TASK INPUTS:
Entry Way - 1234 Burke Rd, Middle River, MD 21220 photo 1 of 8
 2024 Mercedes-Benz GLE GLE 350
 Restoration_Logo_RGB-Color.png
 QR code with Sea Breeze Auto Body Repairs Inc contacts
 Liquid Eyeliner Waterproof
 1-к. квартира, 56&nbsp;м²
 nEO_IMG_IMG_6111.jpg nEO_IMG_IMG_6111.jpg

ASSIGNED TASK:
For this task, retype the material exactly, line for line.

RESULT OF THIS TASK:
Entry Way - 1234 Burke Rd, Middle River, MD 21220 photo 1 of 8
 2024 Mercedes-Benz GLE GLE 350
 Restoration_Logo_RGB-Color.png
 QR code with Sea Breeze Auto Body Repairs Inc contacts
 Liquid Eyeliner Waterproof
 1-к. квартира, 56&nbsp;м²
 nEO_IMG_IMG_6111.jpg nEO_IMG_IMG_6111.jpg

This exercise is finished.